Apple erklärt die aktuellen Änderungen damit, dass User selbst die Entscheidung treffen sollten, ob sie getrackt werden wollen oder nicht. Zuckerberg stellt nun die Gegenfrage: Gelten diese Regeln nicht auch für Apple? Denn im Gegensatz zu WhatsApp sei die iPhone-eigene “Messages”-App - also die Anwendung für SMS - nicht nur vorinstalliert, sondern würde auch in den Privacy Nutrition Labels besser dargestellt. Nutzt hier Apple seine Monopolmacht?
Gleichzeitig startet Facebook eine massive Kampagne gegen Apple. Der Konzern sammelt Stimmen aus der Wirtschaft, die massiv auf Facebook-Werbung angewiesen sind und durch die Änderungen auf iOS negativ betroffen sein könnten. Das Narrativ: Wer Werbemöglichkeiten einschränkt, tötet vor allem kleine Unternehmen. Dass es Facebook da ums eigene Geschäft geht, versteht sich von selbst - wird aber nicht ausgesprochen.
Zusammenfassung und Ausblick
Facebook setzt also massiv auf Angriff und kämpft an mehreren Fronten gleichzeitig. Einerseits will man die User davon überzeugen, dass WhatsApp in Sachen Privatsphäre einwandfrei läuft, dass die Privacy Nutrition Labels übertreiben und dass man schnell wieder von Signal oder Telegram zurückkommen soll. Andererseits nehmen sie Apple ins Visier und wollen genau die Monopol-Karte spielen, mit der sie selbst immer wieder konfrontiert werden. Facebook ist durch den Kauf von Instagram und WhatsApp selbst äußerst umstritten, was Marktmacht angeht - das könnte also leicht backfiren. Die US-Behörden prüfen eine Zerschlagung.
Gleichzeitig muss Facebook aber seine eigene Plattform in den Griff kriegen. Die blaue App wird immer öfter als “tot” bezeichnet und hat ein Problem mit Verschwörungstheorien, Fake News, polarisierendem politischen Content und Werbung von Betrügern. Instagram lief lange besser, wird jetzt aber durch den TikTok-Klon mehr und mehr überlaufen und kämpft mit ähnlichen Problemen. Und da sprechen wir noch gar nicht von politischen Problemen wie dem Deplatforming von Donald Trump.
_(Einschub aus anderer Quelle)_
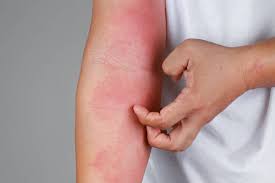 Eczema Treatment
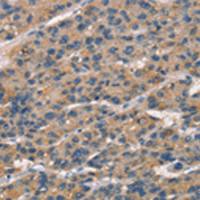 兔抗SENP1多克隆抗体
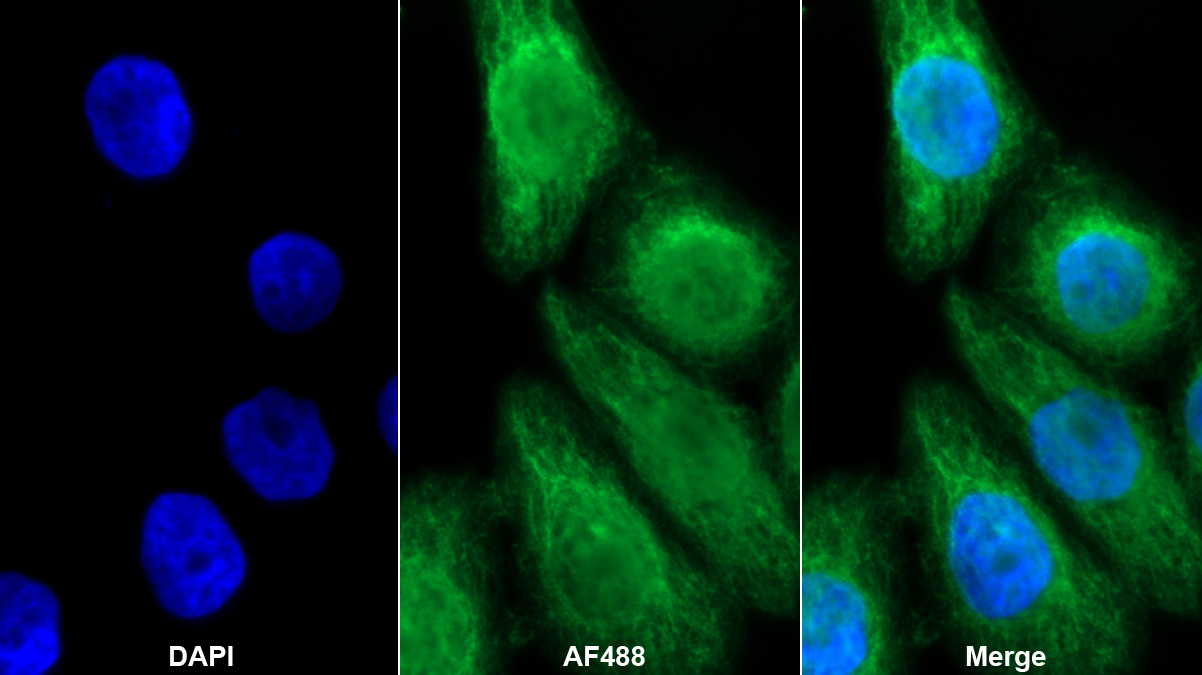 Polyclonal Antibody to Forkhead Box Protein P1 (FOXP1)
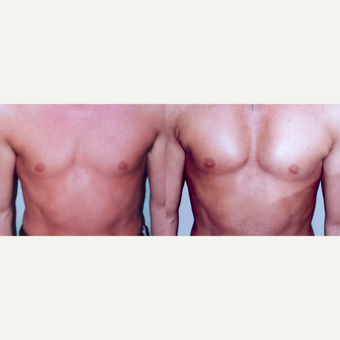 25-34 year old man treated with Pec Implants before 3659558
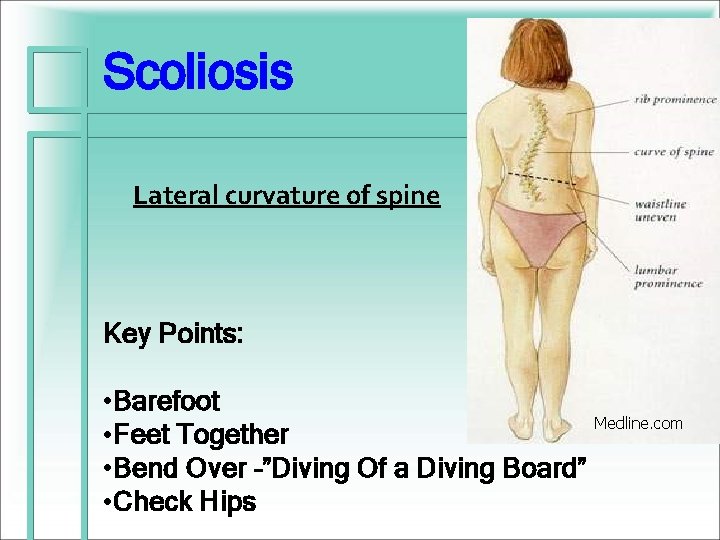 Scoliosis Lateral curvature of spine Key Points: • Barefoot • Feet Together • Bend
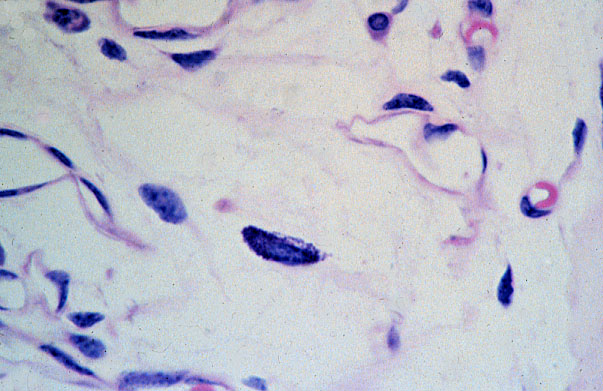  lamina propria, mast cells, metachromatic cytoplasmic granules 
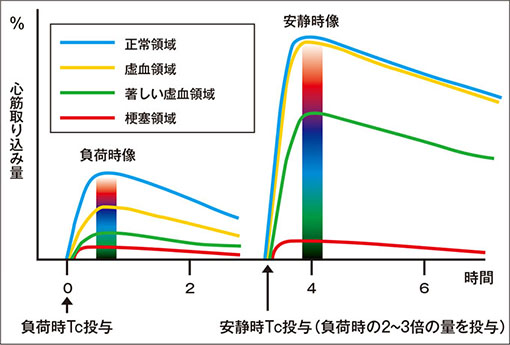 Tc標識製剤の心筋動態の経時的変化(負荷先行の場合) 図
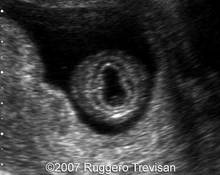 Holoprosencephaly, 11 weeks image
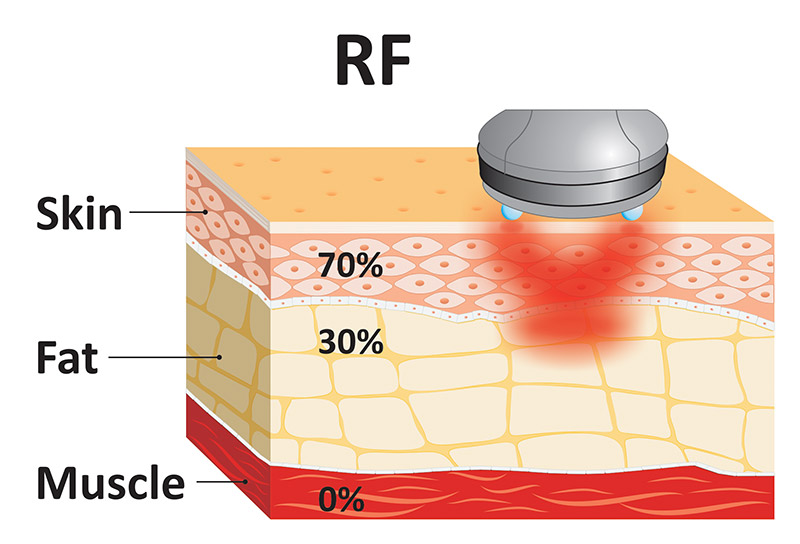 radiofrequency-or-microwaves-patent-Onda-Coolwaves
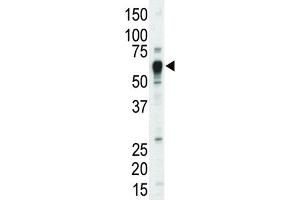 Western Blotting (WB) image for anti-Nuclear Receptor Subfamily 4, Group A, Member 3 (NR4A3) antibody (ABIN3003456) (NR4A3 抗体)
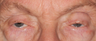 Ptosis and ectropion repair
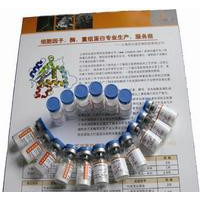 人肌红蛋白(MYO/MB)ELISA试剂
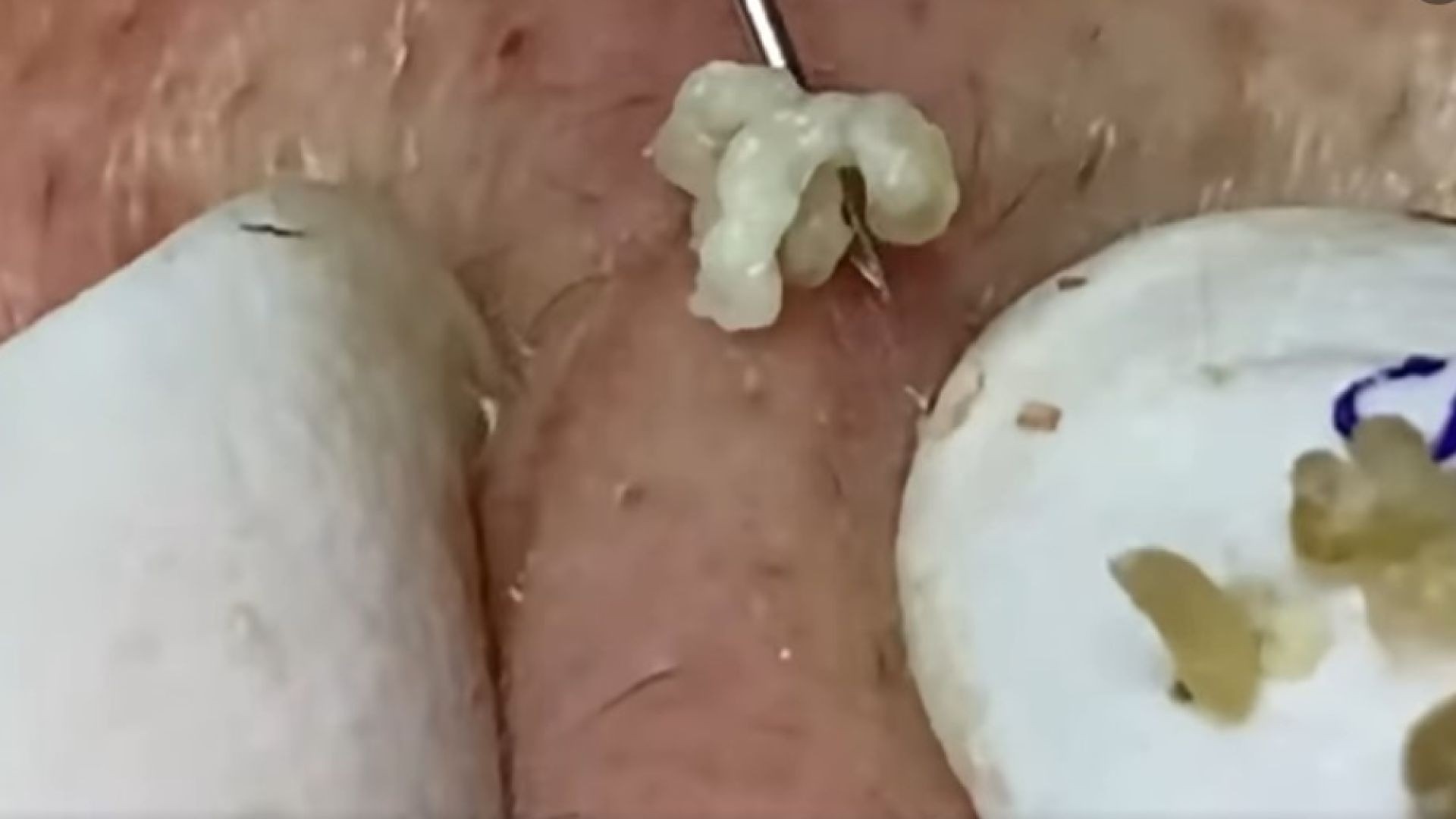 Best blackheads removal (313-2) | Loan Nguyen
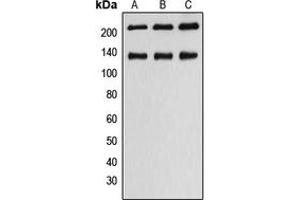 Western blot analysis of MLCK1 expression in HeLa (A), SP2/0 (B), H9C2 (C) whole cell lysates. (MYLK anticorps  (Center))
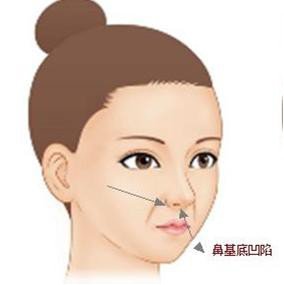 案例图片
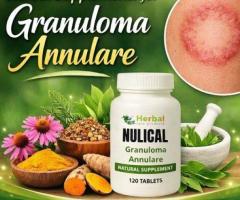 Natural Supplements for Granuloma Annulare Skin Lesions fast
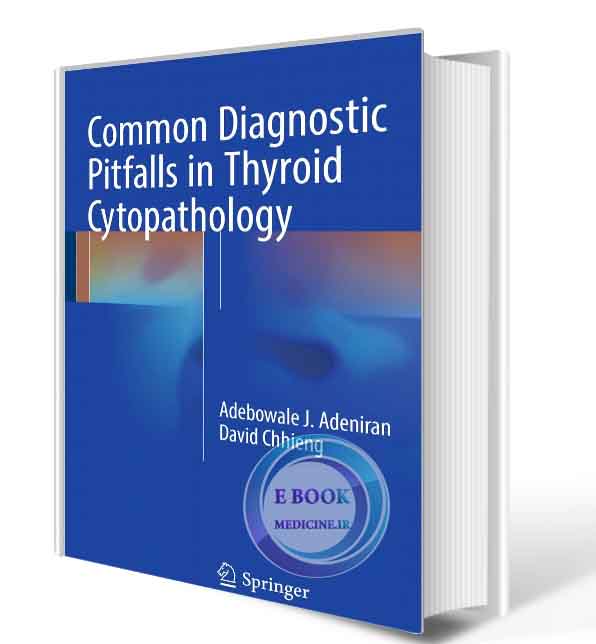 دانلود کتاب Common Diagnostic Pitfalls in Thyroid Cytopathology  2017 (ORIGINAL PDF)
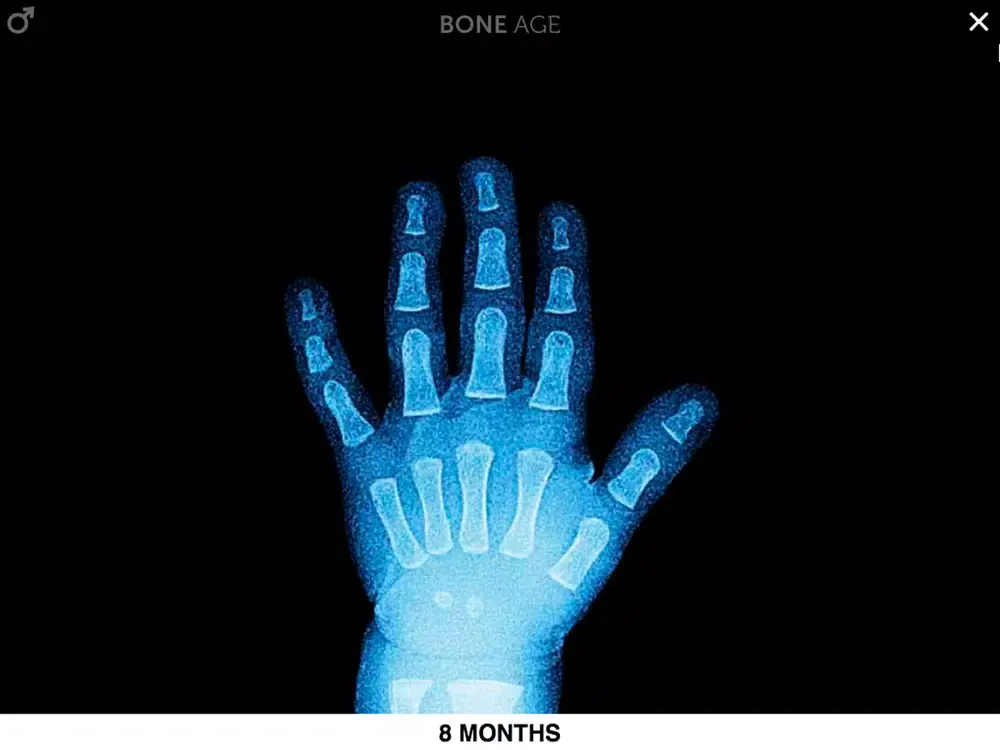 Скриншоты Bone Age Lite iPad 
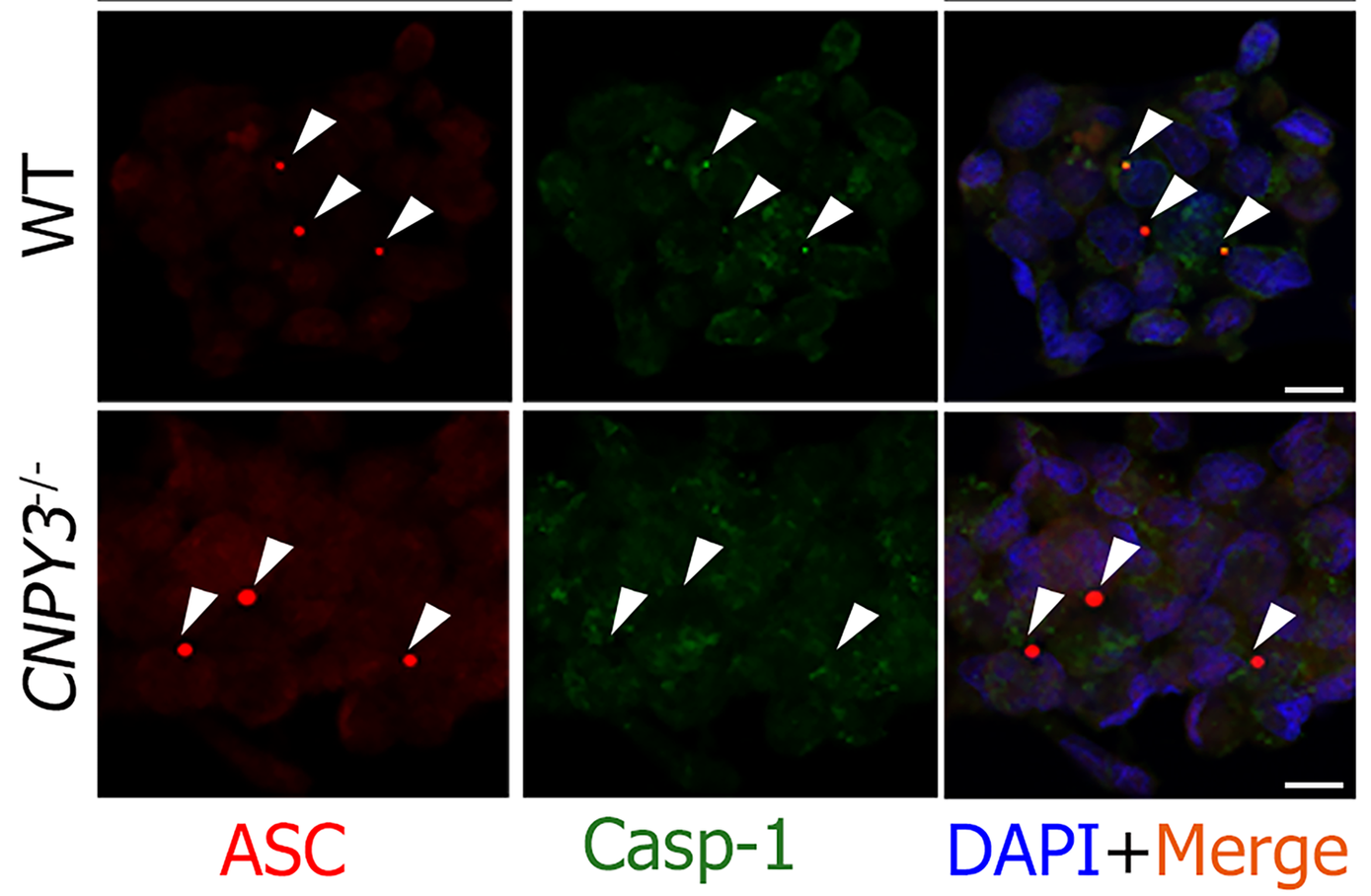 Bildung von Asc-Spots und gleichzeitige Rekrutierung von pro-Caspase-1 während der Aktivierung und des Aufbaus des Inflammasoms in Makrophagen. ASC- (rot) und Caspase-1-Protein (grün) in THP-1-Makrophagen nach dem Priming mit einem TLR3-Agonisten und der Stimulation mit Nigericin zur Aktivierung des kanonischen Inflammasoms. Die Rekrutierung von pro-Caspase-1 zu Asc-Specks war in THP1-Makrophagen mit CNPY3-Defizienz stark beeinträchtigt, was auf eine wesentliche Rolle des ER-residenten Chaperons CNPY3 beim Aufbau und der Aktivierung des Inflammasoms hinweist. Siehe Ghait et al. Eur J Immunol 2022.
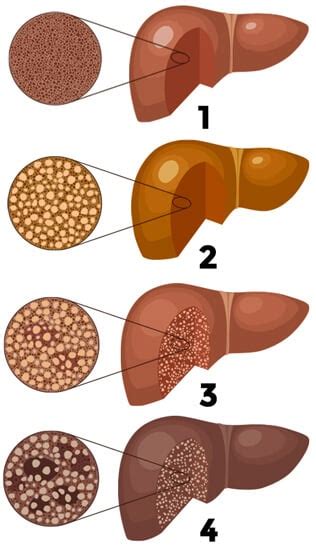 ¿Qué es la esteatosis hepática o enfermedad del hígado graso?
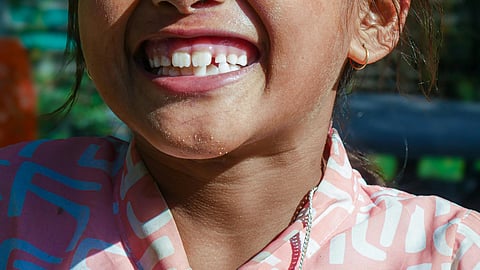 Image of a girl smiling having crooked teeth.
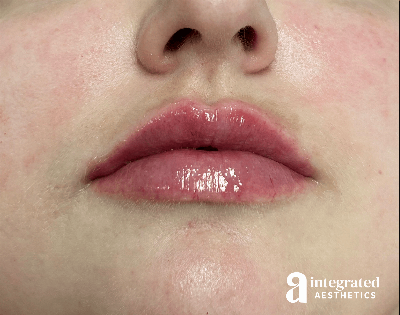 Lip Filler Before & After Gallery - Patient 238479 - Image 2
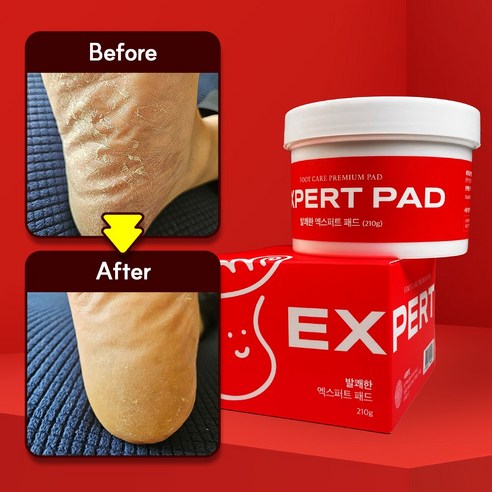 발쾌한 엑스퍼트 패드: 발과 피부의 완벽한 관리 비법 발바닥무좀약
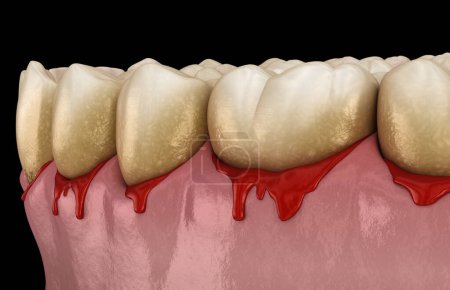 Photo for Bleeding gums or Periodontal - pathological inflammatory condition of the gum and bone support. Dental 3D illustration - Royalty Free Image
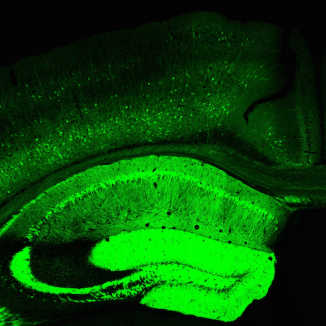 Thy1-GCaMP6 transgenic brain section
Apple wird die eigenen Änderungen jedenfalls sicher nicht zurücknehmen. Eher muss Facebook sich umorientieren und überlegen, wie es in Zukunft die eigene Werbeplattform betreiben kann, ohne sich mit Firmen wie Apple oder Google anzulegen. Da Privatsphäre auch immer stärker nachgefragt wird - und durch Messenger-Dienste wie Signal auch mittlerweile sehr einfach zu haben ist -, gibt es da für Facebook kein Zurück mehr.
Update, 14. Februar 2021: Neuen Berichten zufolge arbeitet Facebook an einer eigenen Smartwatch. Das würde dann noch besser erklären, warum Apple so ein Feindbild für Zuckerberg geworden ist. Die Apple Watch ist das beste Angebot am Markt.
Und nebenbei - wie würde Facebook seine Uhr nennen? “Facebook Watch” ist ja schon vergeben für den eigenen YouTube-Konkurrenten.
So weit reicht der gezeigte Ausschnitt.